5. Fehlverknüpfungen und daraus resultierendes Fehlverhalten werden vermieden

a) Der Hund lernt im wesentlichen über die Verknüpfung von Reizen mit den entsprechenden Erfahrungen, ob positiver oder negativer Art, die im Hundegehirn abgespeichert werden.

b) Wenn der (besonders) noch junge und temperamentvolle Hund stürmisch zu anderen Hunden oder Personen hinwill, wirft er sich zwangsläufig in die Leine. Dadurch wird ein Schmerz im Halsbereich ausgelöst, den der Hund dann mit allen Reizen verbindet, die er hört, sieht, riecht oder schmeckt. So kommt es zu einer immerwährenden Folge von Begegnungen, bei denen der Hund abspeichert: Immer wenn ich freundlich auf andere Hunde / Menschen zugehe, tut´s mir weh.

c) Hunde verfügen über ein gutes Konfliktmanagement für solche Situationen:

 

1.Man versucht, das was einen ängstigt oder Schmerzen bereitet, über Beschwichtigungssignale zu besänftigen.

2. Man versucht, Distanz zu dieser Person oder dem Hund aufzubauen.

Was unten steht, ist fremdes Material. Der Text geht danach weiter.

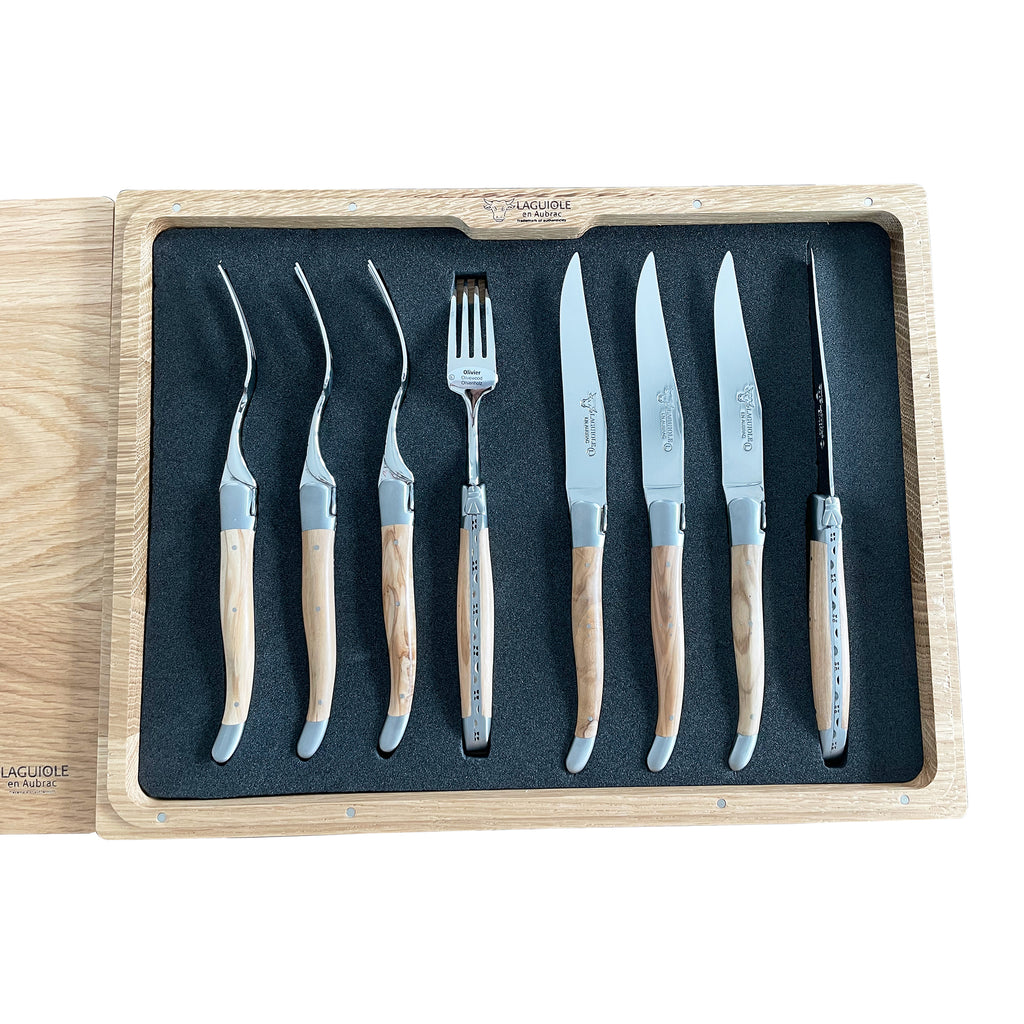Laguiole en Aubrac 8-Piece Set with 4 Handcrafted Steak Knives and 4 Forks with Olivewood Handles - LaguioleEnAubracShop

3. Wenn das beides nicht ausreicht oder möglich ist, versucht man, sich den Hund oder die Person vom Leibe zu halten: Es folgen Bellen, Knurren, Drohen, Zähnezeigen, Schnappen, Zwicken, Beissen

 

d) Meistens funktionieren die Schritte 1 und 2 nicht, was im Laufe der Zeit dazu führt, daß Hunde immer mehr Verteidigungs-und Angriffsstrategien ausprobieren und bei Erfolg entsprechend perfektionieren.

 

 

Mittlerweile gibt es auf dem Markt viele verschidene Geschirre.

Wichtig ist:

1. Das Band sollte dem Gewicht des Hundes angepasst sein

2. Zwischen Gurt und Achselhöhle bei einem Welpen 3 Finger und bei einem  Erwachsenen Hund eine Handbreit Abstand ist.

3. Ein Hund, der noch stark an der Leine zieht sollte immer ein Geschirr mit Bruststeeg (Trixie, Together, K9 mit y-Gurt) tragen, da der Vordergurt sonst nach oben rutsch und wir wieder die selbe Wirkung wie bei einem Halsband haben.